Gentrification and persistent poverty have voters divided.
Former Washington mayor and city council member Marion Barry represents one of the District’s most economically challenged wards. Ward 8, which includes the historic Anacostia neighborhood where Frederick Douglass once lived, has the city’s highest unemployment and lowest homeownership rates. Even Barry, who lives in the area, recently dissed it when asked about damage to his car and a dragging bumper.
“When you live in the ghetto, this happens,” he told reporters.

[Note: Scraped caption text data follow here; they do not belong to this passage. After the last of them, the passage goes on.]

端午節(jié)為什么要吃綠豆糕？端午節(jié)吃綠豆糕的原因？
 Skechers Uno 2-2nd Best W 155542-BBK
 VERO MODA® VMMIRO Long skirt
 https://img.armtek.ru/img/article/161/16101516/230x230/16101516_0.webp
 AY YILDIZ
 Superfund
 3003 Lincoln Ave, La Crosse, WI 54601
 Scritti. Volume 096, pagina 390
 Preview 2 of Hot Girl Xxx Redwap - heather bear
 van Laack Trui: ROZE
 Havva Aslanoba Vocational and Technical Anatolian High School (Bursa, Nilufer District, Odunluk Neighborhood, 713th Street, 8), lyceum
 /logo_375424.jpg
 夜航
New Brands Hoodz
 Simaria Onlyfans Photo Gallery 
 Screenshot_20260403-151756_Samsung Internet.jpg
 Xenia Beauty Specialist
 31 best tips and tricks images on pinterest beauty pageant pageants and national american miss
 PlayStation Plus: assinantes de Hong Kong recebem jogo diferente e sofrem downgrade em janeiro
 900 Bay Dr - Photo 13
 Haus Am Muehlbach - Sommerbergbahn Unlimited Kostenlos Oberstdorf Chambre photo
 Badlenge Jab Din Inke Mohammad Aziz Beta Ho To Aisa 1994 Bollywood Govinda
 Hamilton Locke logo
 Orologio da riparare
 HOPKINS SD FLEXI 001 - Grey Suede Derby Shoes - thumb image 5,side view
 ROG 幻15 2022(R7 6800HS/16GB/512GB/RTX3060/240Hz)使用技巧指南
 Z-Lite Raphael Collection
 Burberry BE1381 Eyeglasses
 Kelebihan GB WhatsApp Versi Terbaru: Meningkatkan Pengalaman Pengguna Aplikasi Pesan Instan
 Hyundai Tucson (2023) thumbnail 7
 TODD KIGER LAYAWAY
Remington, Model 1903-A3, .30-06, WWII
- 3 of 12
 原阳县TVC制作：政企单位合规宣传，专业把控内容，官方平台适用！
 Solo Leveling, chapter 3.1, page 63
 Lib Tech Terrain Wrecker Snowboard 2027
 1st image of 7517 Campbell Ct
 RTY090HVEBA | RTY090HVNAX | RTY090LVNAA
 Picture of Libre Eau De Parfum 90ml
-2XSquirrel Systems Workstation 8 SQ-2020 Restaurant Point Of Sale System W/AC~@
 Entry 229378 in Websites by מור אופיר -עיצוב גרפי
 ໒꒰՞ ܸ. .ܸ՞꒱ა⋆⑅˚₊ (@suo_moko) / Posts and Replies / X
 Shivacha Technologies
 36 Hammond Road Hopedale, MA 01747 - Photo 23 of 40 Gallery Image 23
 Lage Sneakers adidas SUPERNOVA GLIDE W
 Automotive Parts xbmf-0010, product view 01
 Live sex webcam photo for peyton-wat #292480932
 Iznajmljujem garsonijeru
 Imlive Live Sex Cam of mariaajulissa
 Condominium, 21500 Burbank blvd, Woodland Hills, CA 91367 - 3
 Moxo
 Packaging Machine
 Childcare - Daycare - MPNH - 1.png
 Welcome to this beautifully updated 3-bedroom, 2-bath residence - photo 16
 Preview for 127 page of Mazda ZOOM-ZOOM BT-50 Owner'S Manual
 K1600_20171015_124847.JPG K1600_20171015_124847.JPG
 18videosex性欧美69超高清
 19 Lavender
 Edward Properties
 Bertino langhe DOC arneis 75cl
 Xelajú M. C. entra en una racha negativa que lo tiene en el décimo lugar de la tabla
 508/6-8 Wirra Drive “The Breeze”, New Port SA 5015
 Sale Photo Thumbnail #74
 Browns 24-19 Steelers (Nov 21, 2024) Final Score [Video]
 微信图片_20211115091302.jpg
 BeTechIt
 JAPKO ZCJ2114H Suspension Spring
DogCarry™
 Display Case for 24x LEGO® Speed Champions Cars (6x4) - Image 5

According to a report in the Washington Informer, constituents are divided on whether to support the former four-term mayor in his bid for a fourth term next year. Some still plan to vote for Barry, like entrepreneur Phinis Jones, who said he plans to vote for Barry because he’s unimpressed with the people who’ve expressed an interest in challenging him.
“I know of several candidates that are interested and they have talked to me but none have the experience that Barry has,” Jones said.
Another resident, who lives in the historic part of the area, said that re-electing Barry, 75, feels like “a step backward,” which is a sign of the divide taking place between “Old Ward 8” and “Historic Anacostia,” which has begun attracting African-American and white professionals and, the Informer reports, are interested in green spaces, bike lanes and economic development.
“A lot of rhetoric that is against Barry is coming from Historic Anacostia. These are newcomers and they don’t see eye-to-eye with the rest of the ward,” James Bunn, executive director of the Ward 8 Business Council, told the publication. “Some people are saying that Barry is not paying enough attention to the ward as he should.”
But according to Jones, the politically seasoned Barry is very much focused on moving the area forward, citing his support for legislation that would make it more difficult for people to rely on the Temporary Assistance to Needy Families program. He also sponsored a bill that would prevent apartment building construction in the ward.